--- START ---

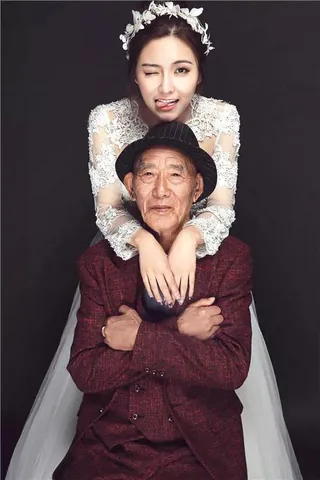 100+ Ảnh Chế Bà Già Và Cô Gái Hài Hước, Meme So Sánh Cực Hay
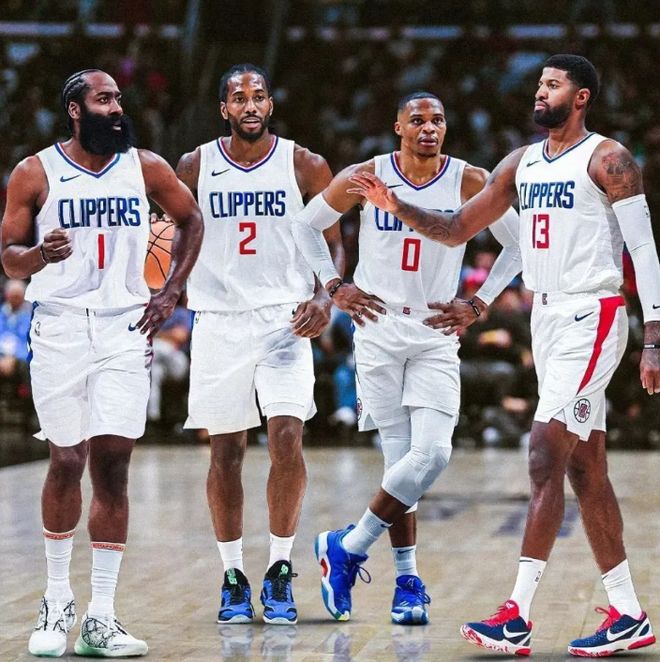 遭巴萨压制5年+20战20负丢81球！皇马女足争议3-1翻身 裁判明着黑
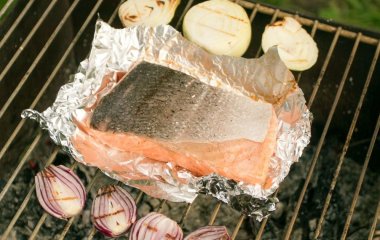 Як правильно запікати страви у фользі: яким боком замотувати продукти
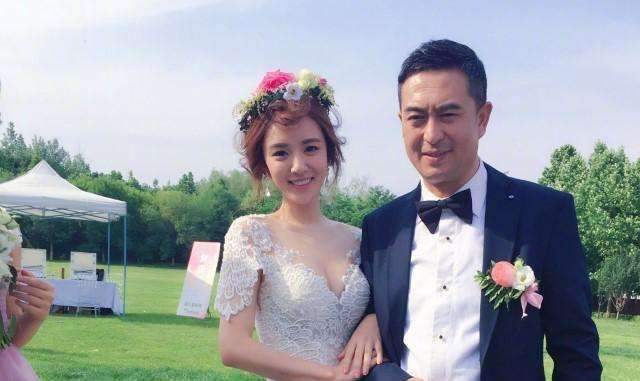 张嘉译藏了17年的老婆原来这么美，终于明白为啥看不上王晓晨了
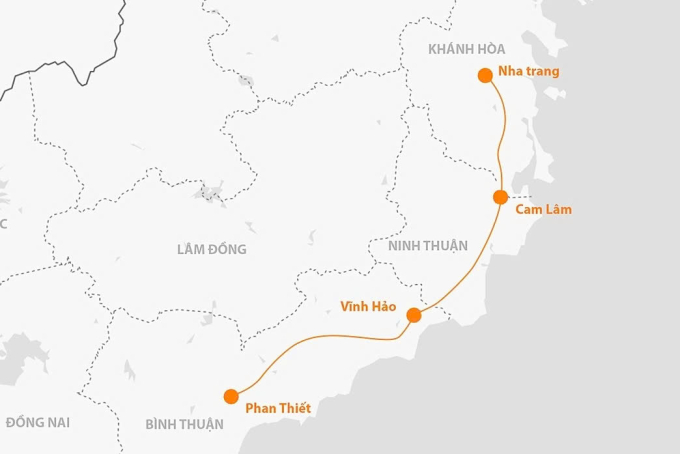 永好-潘切高速公路上载有20名乘客的汽车起火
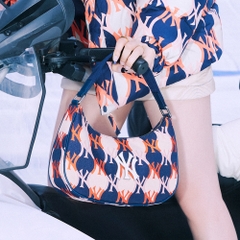 Túi MLB Argyle Monogram Strap Hobo Bag New York Yankees D.Navy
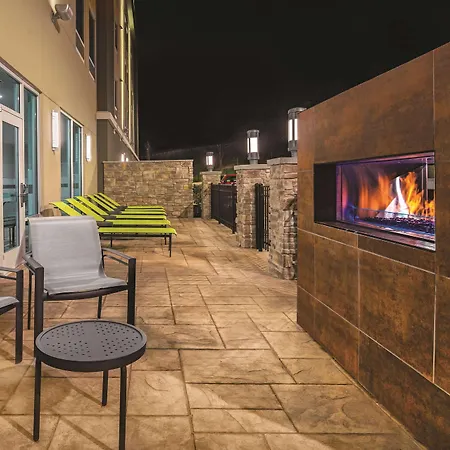 La Quinta Inn & Suites By Wyndham Cleveland Near Lee Univ-2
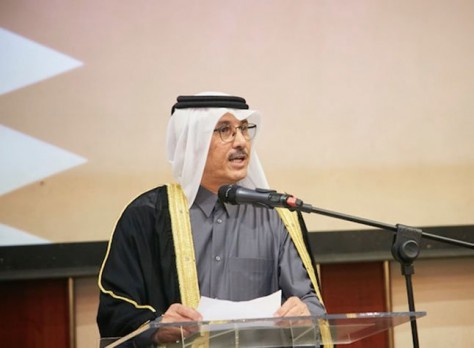 برغم كل المآسي والأهوال في غزة وبعد خيبة الآمال في الأنظمة.. هل انعدمت المواقف “الفردية” التاريخية في أمة العرب؟ لماذا يجب التذكير بقصة السفير القطري “راشد الخاطر” الذي لم يشعر بأمان ذاتي في ظل أمن قومي عربي مستباح… فانتحر وذكر قصته أمين هويدي وأحمد بهاء الدين؟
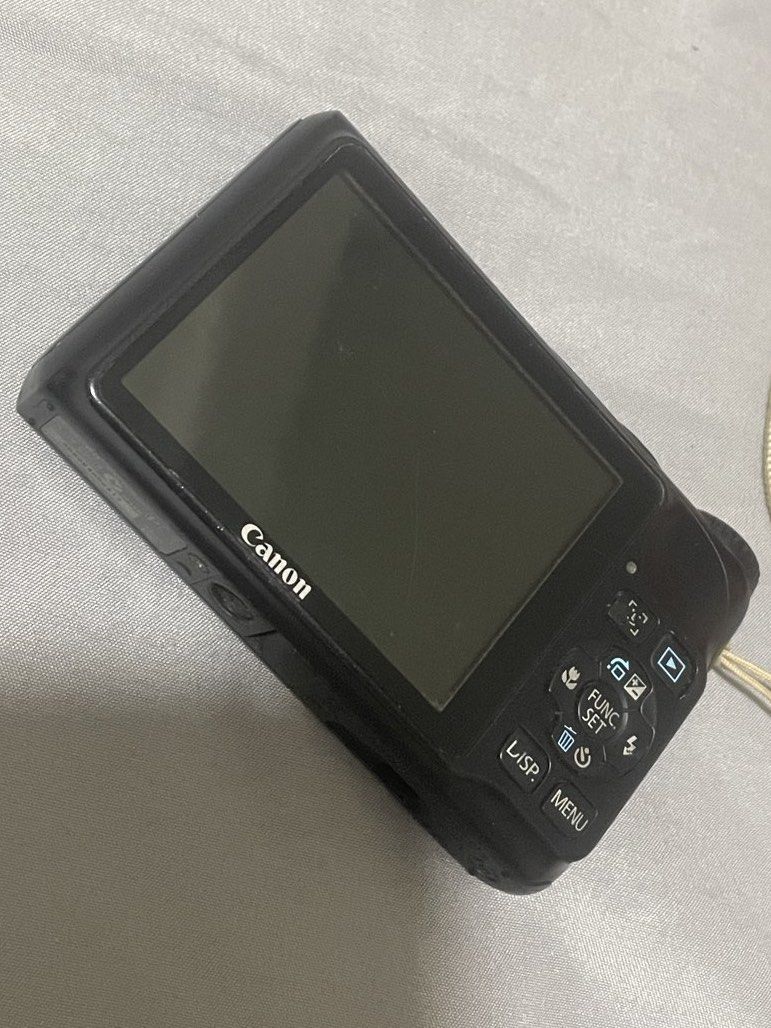 Canon PowerShot A2200 HD Digital Camera (Category: Cameras) located in Pasay City. Submitted by mclutter (Listing ID 1432404365, Image 3). Description: Canon PowerShot A2200 HD - 14.1 mp - Crisp output - All working Issue: screen burn but does not affect the output Inclusion: - Wrist Strap - SD card reader (ios) - Battery - Universal Battery charger.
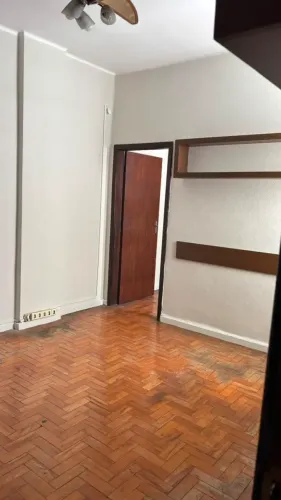 Muito Bem Localizada Sala Rua Halfeld/Gal. João Beraldo Centro - Juiz de Fora - MG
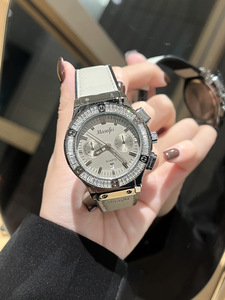 <span class=keywords><strong>Reloj</strong></span> <span class=keywords><strong>de</strong></span> lujo Unisex <span class=keywords><strong>de</strong></span> <span class=keywords><strong>gama</strong></span> <span class=keywords><strong>alta</strong></span> para mujer para Swiss para diseño Cross-Border Internet Celebrity Live banda <span class=keywords><strong>de</strong></span> acero inoxidable - Product Image 6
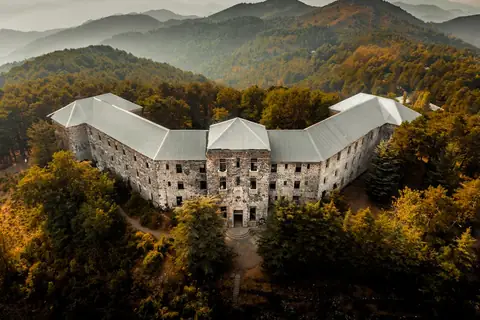 Experience the Chill of the Night at a Haunted Hotel in Colorado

--- END ---

EXERCISE BRIEF:
Transcribe all the lines above exactly, apart from the pictures.

OUTPUT FOR THIS EXERCISE:
 100+ Ảnh Chế Bà Già Và Cô Gái Hài Hước, Meme So Sánh Cực Hay
 遭巴萨压制5年+20战20负丢81球！皇马女足争议3-1翻身 裁判明着黑
 Як правильно запікати страви у фользі: яким боком замотувати продукти
 张嘉译藏了17年的老婆原来这么美，终于明白为啥看不上王晓晨了
 永好-潘切高速公路上载有20名乘客的汽车起火
 Túi MLB Argyle Monogram Strap Hobo Bag New York Yankees D.Navy
 La Quinta Inn & Suites By Wyndham Cleveland Near Lee Univ-2
 برغم كل المآسي والأهوال في غزة وبعد خيبة الآمال في الأنظمة.. هل انعدمت المواقف “الفردية” التاريخية في أمة العرب؟ لماذا يجب التذكير بقصة السفير القطري “راشد الخاطر” الذي لم يشعر بأمان ذاتي في ظل أمن قومي عربي مستباح… فانتحر وذكر قصته أمين هويدي وأحمد بهاء الدين؟
 Canon PowerShot A2200 HD Digital Camera (Category: Cameras) located in Pasay City. Submitted by mclutter (Listing ID 1432404365, Image 3). Description: Canon PowerShot A2200 HD - 14.1 mp - Crisp output - All working Issue: screen burn but does not affect the output Inclusion: - Wrist Strap - SD card reader (ios) - Battery - Universal Battery charger.
 Muito Bem Localizada Sala Rua Halfeld/Gal. João Beraldo Centro - Juiz de Fora - MG
 <span class=keywords><strong>Reloj</strong></span> <span class=keywords><strong>de</strong></span> lujo Unisex <span class=keywords><strong>de</strong></span> <span class=keywords><strong>gama</strong></span> <span class=keywords><strong>alta</strong></span> para mujer para Swiss para diseño Cross-Border Internet Celebrity Live banda <span class=keywords><strong>de</strong></span> acero inoxidable - Product Image 6
 Experience the Chill of the Night at a Haunted Hotel in Colorado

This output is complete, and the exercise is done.